- **Task to complete**:
When you repeat the records, keep every word exact and drop each picture.

- **Source material**:
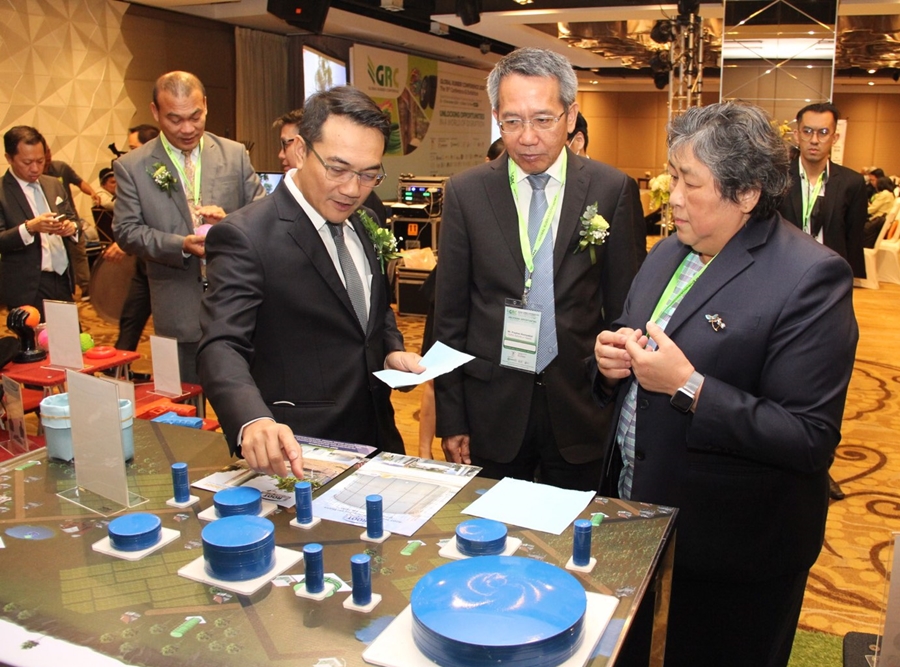ไทย รับบทเจ้าภาพประชุม GRC 2020 ร่วมวิเคราะห์แนวโน้ม มุ่งส่งเสริมใช้ยางธรรมชาติ พัฒนาผลิตภัณฑ์ยาง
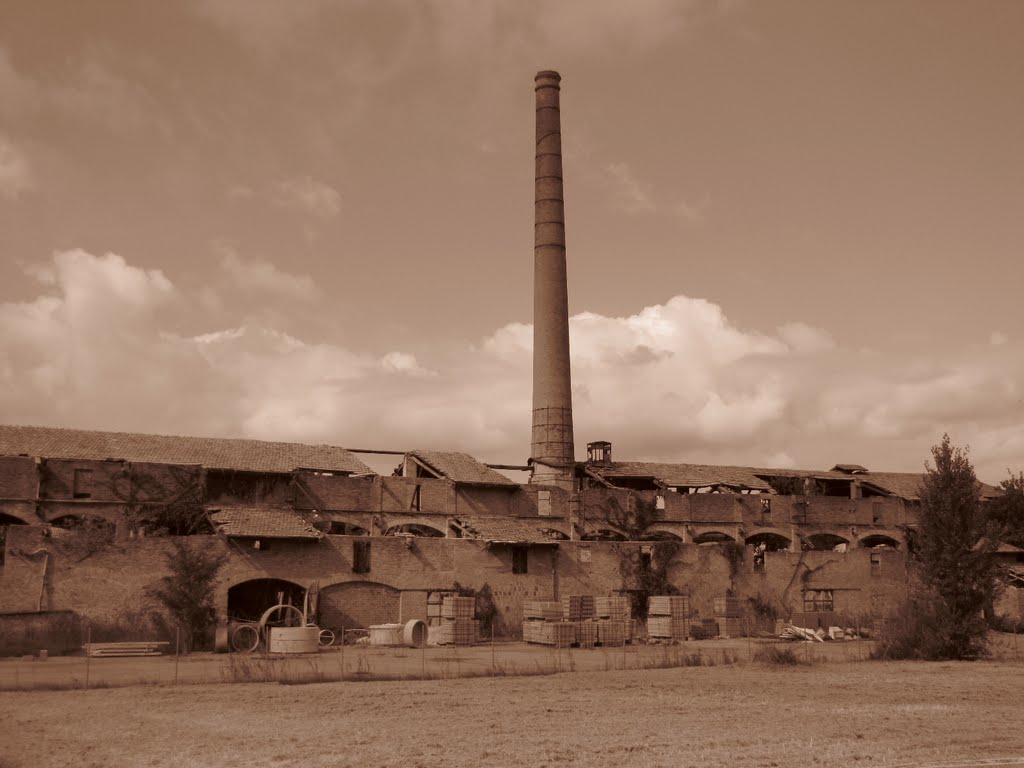 Campotto, vecchia fornace by Berkelio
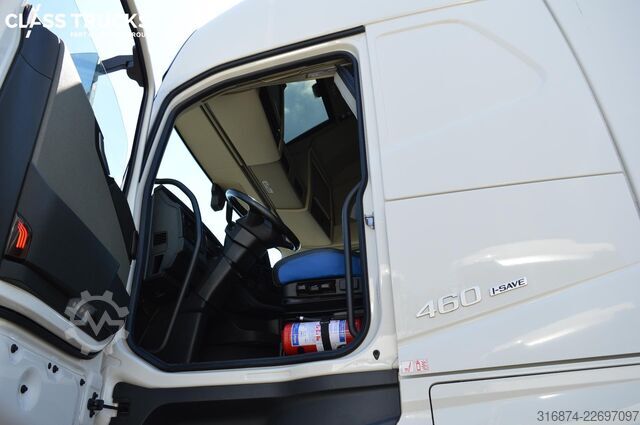 Standarta vilcējs VOLVO FH 460 Globetrotter XL i-Save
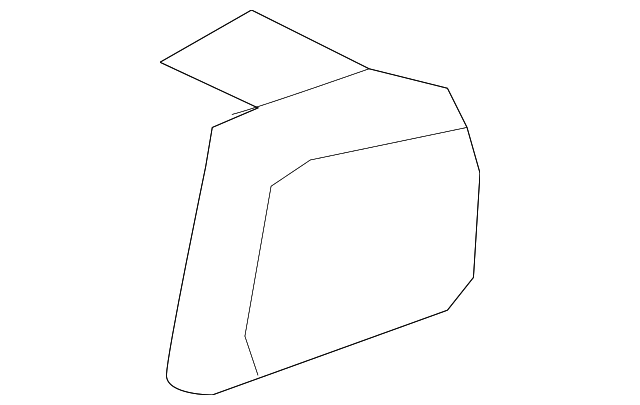 Latch - GM (89044341)
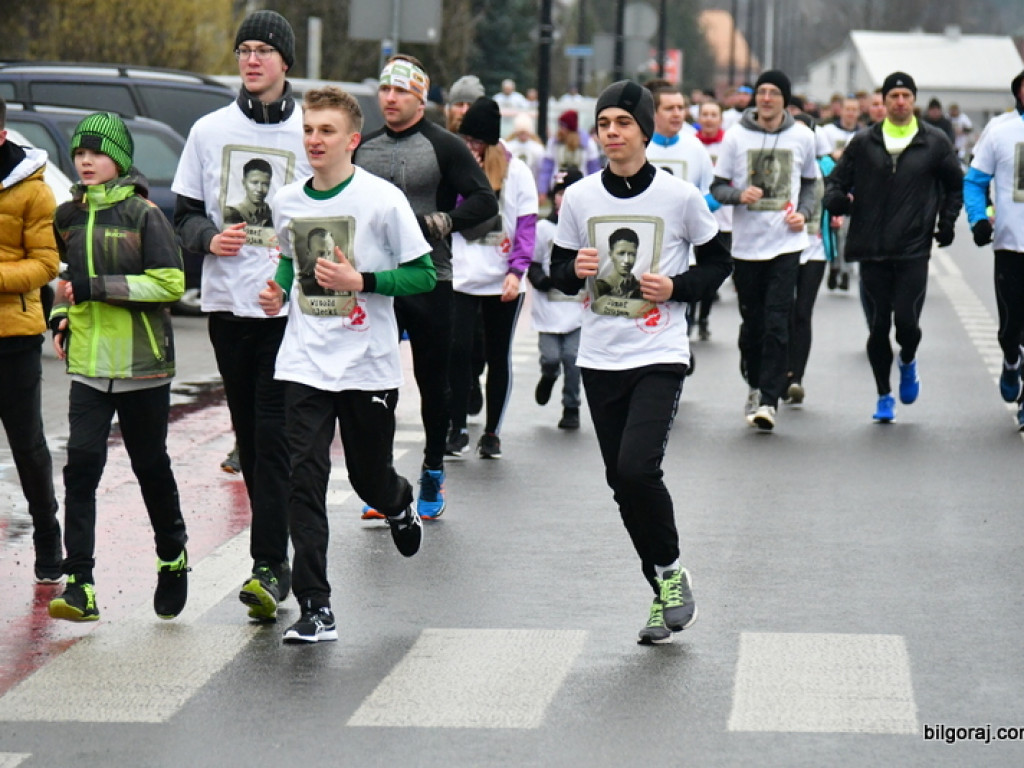 V Bieg Tropem Wilczym (FOTO, VIDEO)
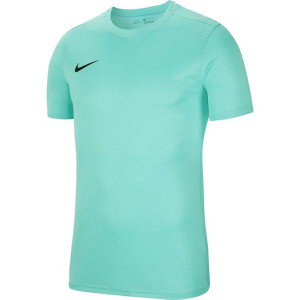 Koszulka dla dzieci nike dry park vii jsy ss turkusowa bv6741 354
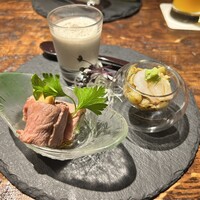 鉄板焼 炭焼 さいとう - 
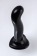 Черный стимулятор для пар P G-Spot Dildo Size XL - 19,8 см. - Strap-on-me - в Москве купить с доставкой
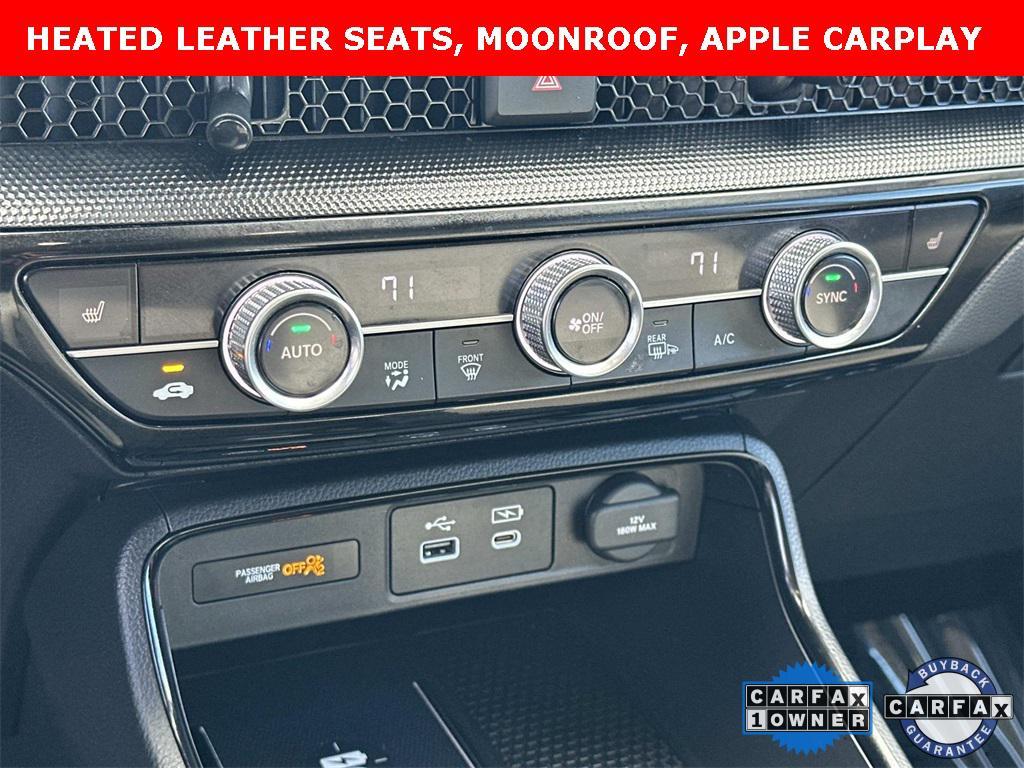 used 2024 Honda CR-V car, priced at $31,929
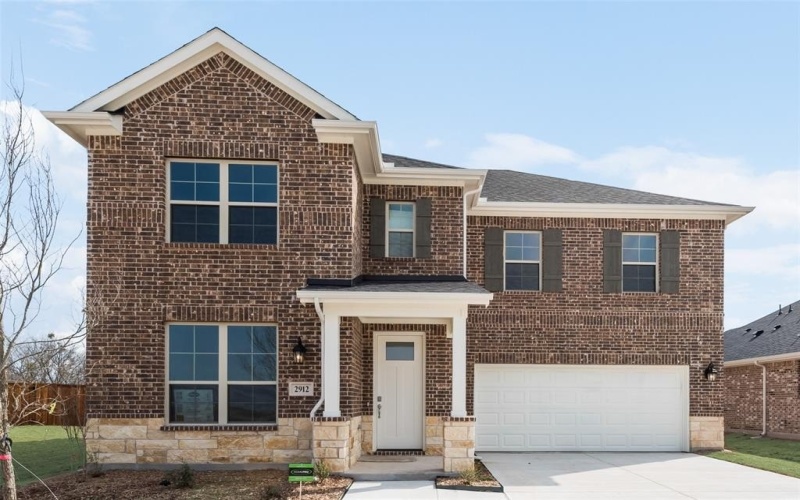 2912 Hanscom Street, Forney, TX 75126, 4 Bedrooms Bedrooms, ,2 BathroomsBathrooms,Residential,For Sale,2912 Hanscom Street,20756570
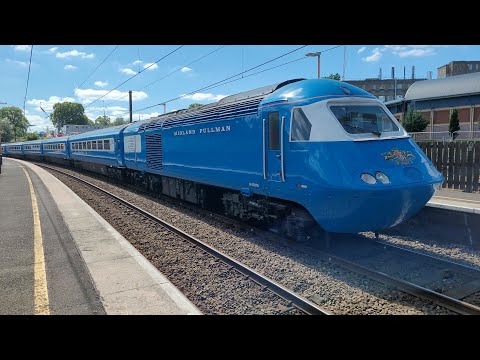 The Midland Pullman @ University - 13th June 2021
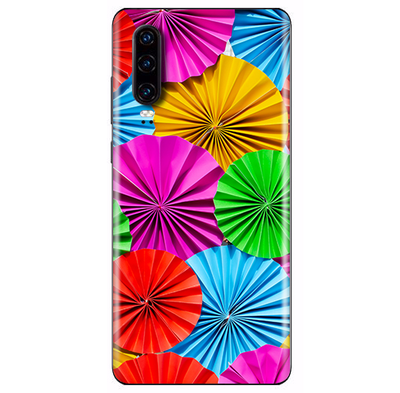 Huawei P30 Colorful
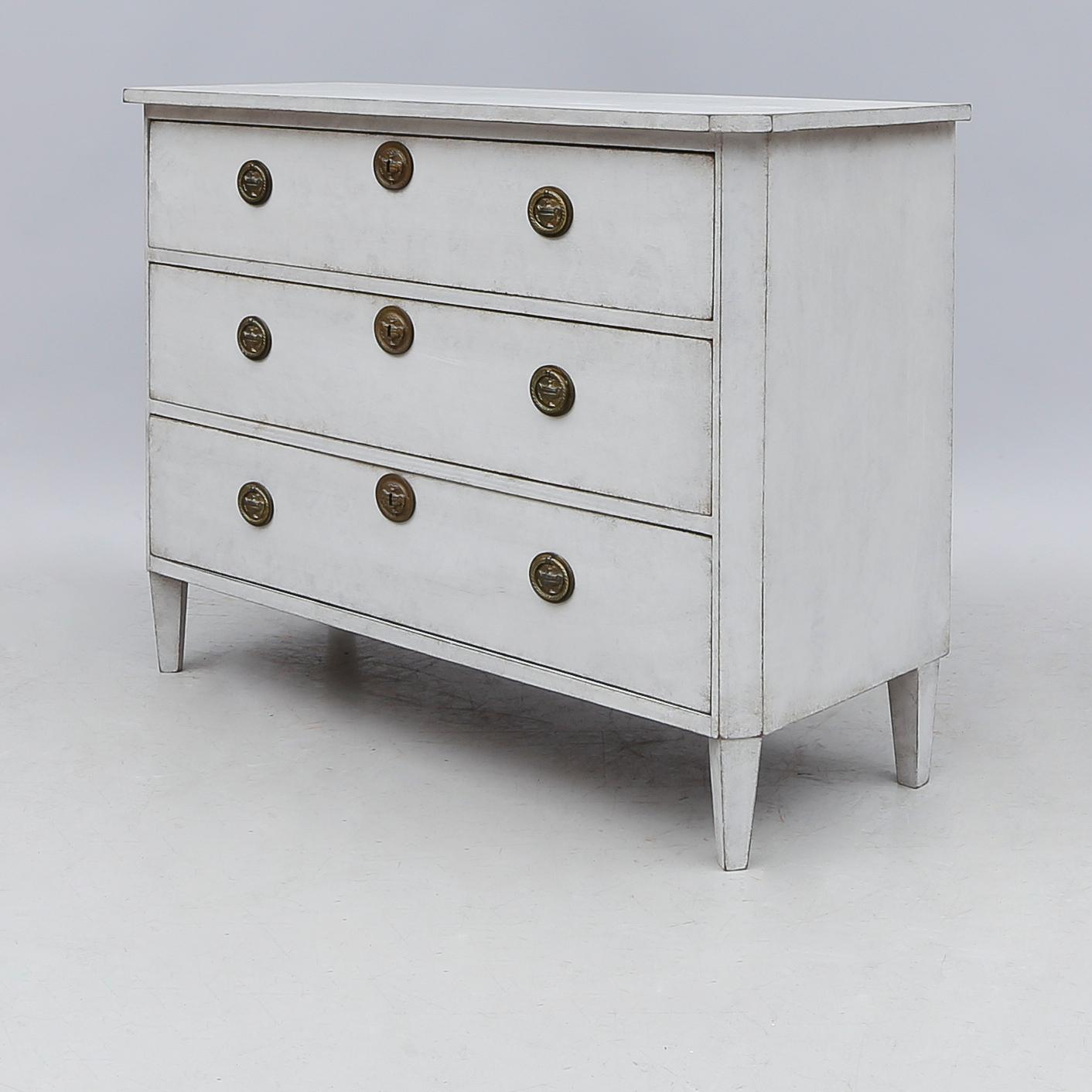 BYRÅ, omkring år 1900.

- **Response area**:
ไทย รับบทเจ้าภาพประชุม GRC 2020 ร่วมวิเคราะห์แนวโน้ม มุ่งส่งเสริมใช้ยางธรรมชาติ พัฒนาผลิตภัณฑ์ยาง
 Campotto, vecchia fornace by Berkelio
 Standarta vilcējs VOLVO FH 460 Globetrotter XL i-Save
 Latch - GM (89044341)
 V Bieg Tropem Wilczym (FOTO, VIDEO)
 Koszulka dla dzieci nike dry park vii jsy ss turkusowa bv6741 354
 鉄板焼 炭焼 さいとう - 
 Черный стимулятор для пар P G-Spot Dildo Size XL - 19,8 см. - Strap-on-me - в Москве купить с доставкой
 used 2024 Honda CR-V car, priced at $31,929
 2912 Hanscom Street, Forney, TX 75126, 4 Bedrooms Bedrooms, ,2 BathroomsBathrooms,Residential,For Sale,2912 Hanscom Street,20756570
 The Midland Pullman @ University - 13th June 2021
 Huawei P30 Colorful
 BYRÅ, omkring år 1900.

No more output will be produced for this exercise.